Sehr aufwändig mit Wasser war dann der Waschtag. Der große Waschkessel, in dem meistens die Schweinekartoffeln gekocht wurden, diente dann für die Wäsche. Sie wurde am Abend im Kessel mit „Sil“ eingeweicht und etwas erwärmt. Den nächsten Tag wurde die Wäsche gerubbelt und mit frischem Wasser gekocht. Mit einem Wäschestampfer wurde sie ab und zu runter gestampft, wenn sich die Laken und Bezüge aufblähten. Mit einem Holzpaddel, der mit „Persil“ beschriftet war, wurde die Wäsche in einer Zinkwanne auf einer Karre zum Pumpenhaus gefahren, um sie dort zu spülen. Die Armatur war dort auch größer: im Nu war die Wanne voll mit frischem Wasser.
In den dritten Spülgang kam dann noch etwas Wäscheblau hinein. Die Wäsche wurde von meiner Mutter ausgewrungen und wieder nach Hause gefahren. Dann wurde alles auf eine lange Leine zum Trocknen aufgehängt, ab und zu kam eine Astgabel als Stütze dazwischen, damit sie nicht so weit durchhing.
Das Pumpenhaus wurde gespeist von einem Wasserturm und einer Wasseraufbereitungsanlage, die wir bei unserem Besuch im Jahre 2005 nur noch als Ruine vorfanden.
Auf unserer Flucht im März 1945 wurden die Ziele so angefahren, dass immer Wasser vorhanden war, in weicher Form auch immer. Mal war es ein Gut, dort war immer fließend Wasser, dann ein Dorf mit einem Brunnen auf dem Marktplatz. Das Wasser war wichtig für uns und noch wichtiger für die Pferde, denn sie waren unsere Investition, um in den Westen zu gelangen.
Meine erste Unterkunft nach unserer Flucht war ein Bauernhof, dort kam das Wasser auch schon „aus der Wand“. Wir trauten dem nicht so recht, gossen dann einen Eimer Wasser in eine kleine Aufbereitungsmaschine und unten kam dann das Wasser raus, das wir trinken durften.

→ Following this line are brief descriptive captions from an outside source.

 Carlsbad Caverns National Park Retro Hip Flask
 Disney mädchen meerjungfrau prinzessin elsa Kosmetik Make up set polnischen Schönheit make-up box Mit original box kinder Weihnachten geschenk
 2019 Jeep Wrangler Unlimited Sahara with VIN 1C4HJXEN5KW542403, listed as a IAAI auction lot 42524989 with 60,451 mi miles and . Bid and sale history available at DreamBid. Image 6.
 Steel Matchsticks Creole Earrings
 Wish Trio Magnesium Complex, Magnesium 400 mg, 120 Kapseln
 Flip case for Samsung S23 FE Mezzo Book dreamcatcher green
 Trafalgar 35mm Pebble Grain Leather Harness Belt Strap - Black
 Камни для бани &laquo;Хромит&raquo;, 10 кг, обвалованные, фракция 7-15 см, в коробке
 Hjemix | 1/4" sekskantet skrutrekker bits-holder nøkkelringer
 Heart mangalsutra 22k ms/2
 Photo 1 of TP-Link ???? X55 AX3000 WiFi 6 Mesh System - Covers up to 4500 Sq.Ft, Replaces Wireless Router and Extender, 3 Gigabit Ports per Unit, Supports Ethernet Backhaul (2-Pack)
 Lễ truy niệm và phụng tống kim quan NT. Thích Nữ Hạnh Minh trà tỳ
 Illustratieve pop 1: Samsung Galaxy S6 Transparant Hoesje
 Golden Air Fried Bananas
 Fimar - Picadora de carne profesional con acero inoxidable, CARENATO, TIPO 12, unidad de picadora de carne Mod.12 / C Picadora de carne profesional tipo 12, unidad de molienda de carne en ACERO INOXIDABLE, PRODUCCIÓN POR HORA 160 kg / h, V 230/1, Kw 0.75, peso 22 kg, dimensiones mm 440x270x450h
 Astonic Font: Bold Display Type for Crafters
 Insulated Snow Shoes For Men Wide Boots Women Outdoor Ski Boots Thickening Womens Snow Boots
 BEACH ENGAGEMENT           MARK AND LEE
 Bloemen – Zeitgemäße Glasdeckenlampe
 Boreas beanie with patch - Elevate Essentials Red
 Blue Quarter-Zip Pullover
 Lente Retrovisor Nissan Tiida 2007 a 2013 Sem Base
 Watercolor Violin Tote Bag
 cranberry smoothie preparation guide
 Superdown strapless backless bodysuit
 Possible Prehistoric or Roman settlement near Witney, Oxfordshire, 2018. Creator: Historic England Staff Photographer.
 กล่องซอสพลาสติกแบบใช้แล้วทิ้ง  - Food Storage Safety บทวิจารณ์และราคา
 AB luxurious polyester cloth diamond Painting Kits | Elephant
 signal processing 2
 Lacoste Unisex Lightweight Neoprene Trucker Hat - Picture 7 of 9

Meine nächste Wohnung war wieder ein kleines Gut. Auch dort kam das Wasser aus Hähnen. In Ellerau 1952 hatten wir eine 20 Meter entfernte Schwengelpumpe, die im Winter mit Stroh umwickelt wurde. Man musste oben etwas Wasser hinein gießen, bevor man überhaupt Wasser hoch pumpen konnte.
Auch 1955 in meiner nächsten Wohnung in Friedrichsgabe waren wir mit einer Pumpe gesegnet, aber die stand bereits auf der Diele und gab uns ohne Probleme immer klares, frisches Wasser.
Als wir uns 1959 ein Grundstück in Quickborn Heide kauften, wurde als erstes ein Brunnen gebohrt und eine Pumpe installiert, die uns in der ganzen Bauphase mit Wasser versorgte. Später, beim Einzug 1963, wurde daraus eine Hauswasseranlage gemacht.
Nachdem wir schon viele Jahre Stadtwasser haben, dient sie noch immer zur Bewässerung für unseren Garten!